== Given information
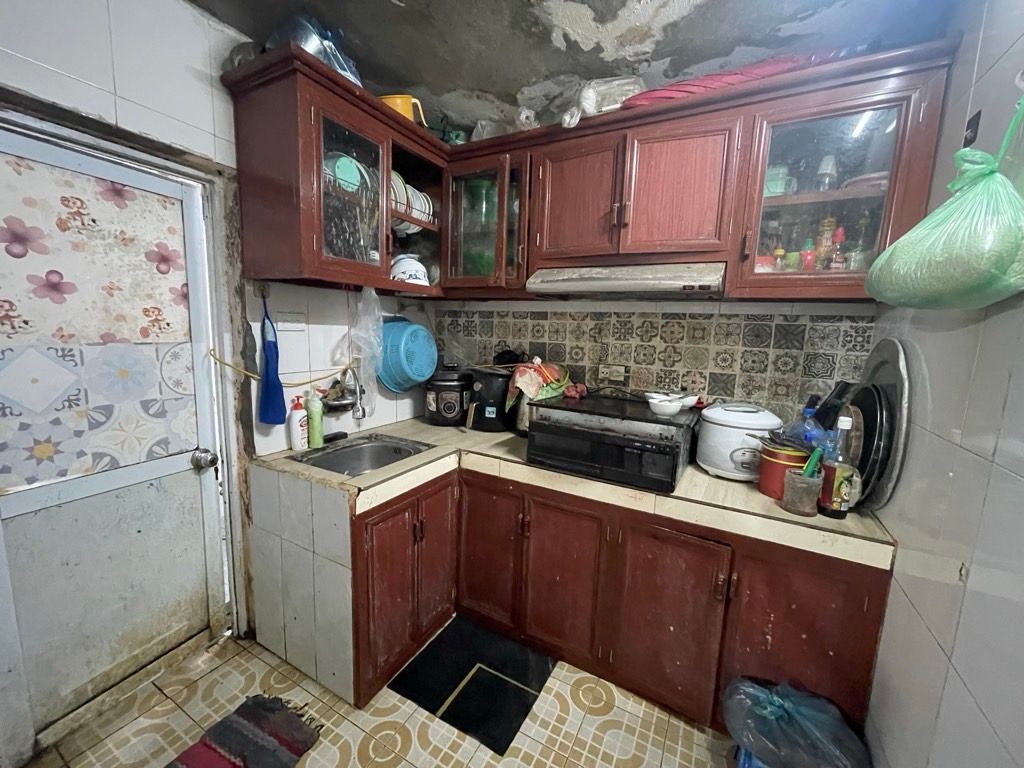 Bán nhà Lê Trọng Tân - diện tích 30m2 2 tầng - Lô góc 2 mặt ngõ - giá 2,4 tỷ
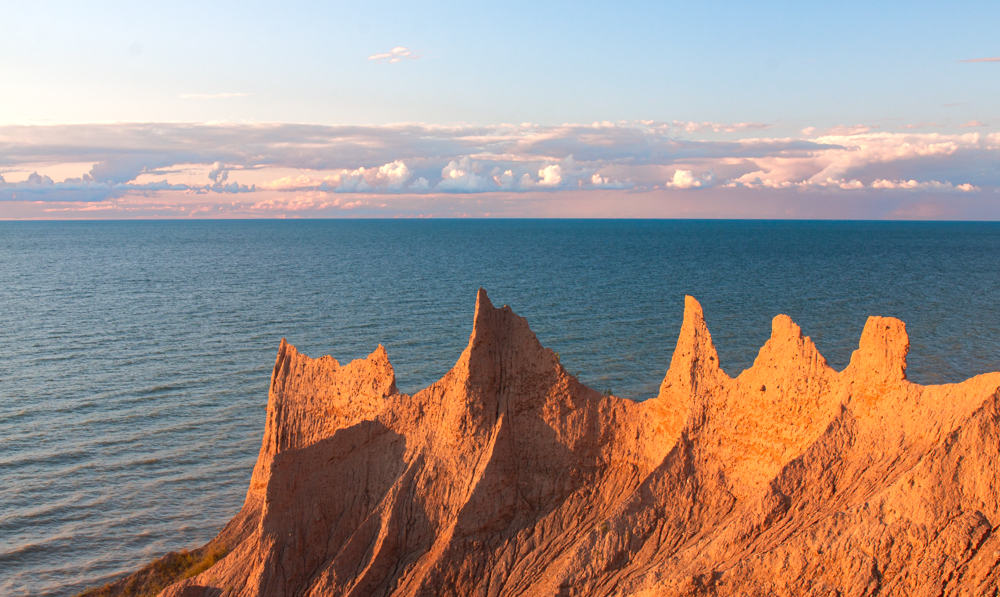 The Complete Guide to Exploring Chimney Bluffs State Park in New York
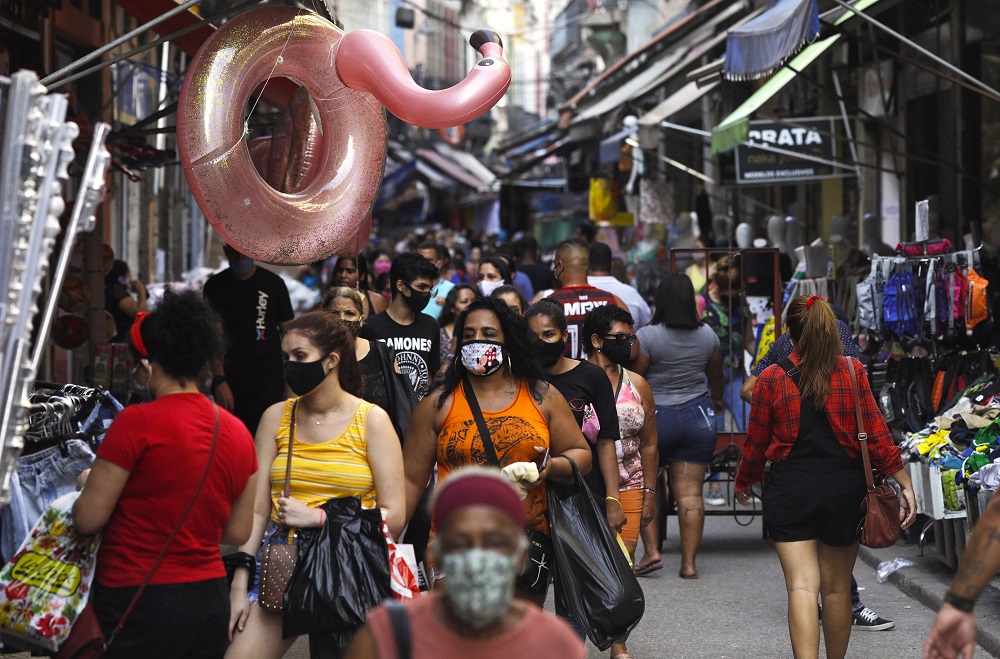 Consumidores fazem compras em rua comercial do Rio de Janeiro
====
→ **Brief**:
Each line above gets copied exactly; leave the pictures out.

→ **Answer to this problem**:
 Bán nhà Lê Trọng Tân - diện tích 30m2 2 tầng - Lô góc 2 mặt ngõ - giá 2,4 tỷ
 The Complete Guide to Exploring Chimney Bluffs State Park in New York
 Consumidores fazem compras em rua comercial do Rio de Janeiro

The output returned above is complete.